**YOUR OBJECTIVE:** Once the line holding "Turkish traditional tarhana" is written out, stop; begin at the first line of the material below and retype exactly, dropping pictures.

(GIVEN DATA)

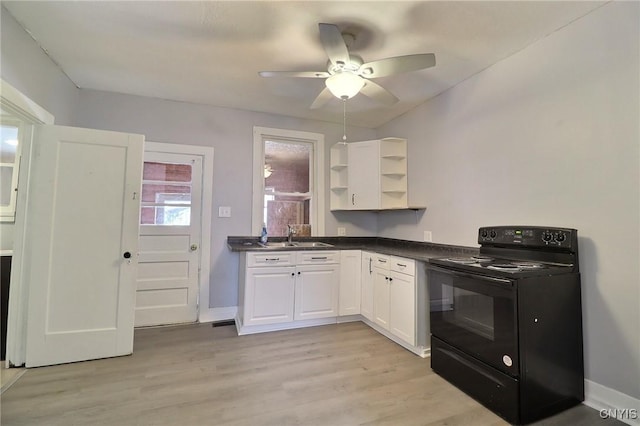 kitchen featuring ceiling fan, white cabinets, black electric range oven, and light hardwood / wood-style flooring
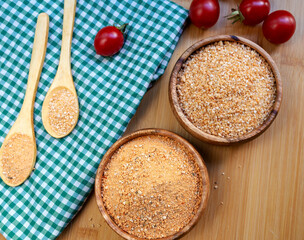 Turkish traditional tarhana (uncooked) and tomatoes on wooden background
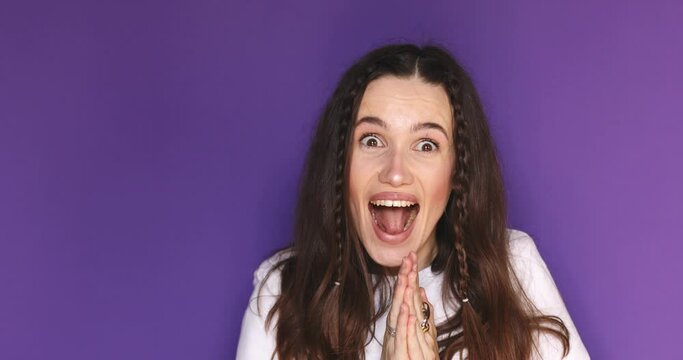 Excited happy fun young woman with braids wear white t-shirt scream hot news about sales discount with hands near mouth hurry up isolated on plain purple background studio portrait.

(End GIVEN DATA)

**ANSWER SPACE:**
 kitchen featuring ceiling fan, white cabinets, black electric range oven, and light hardwood / wood-style flooring
 Turkish traditional tarhana (uncooked) and tomatoes on wooden background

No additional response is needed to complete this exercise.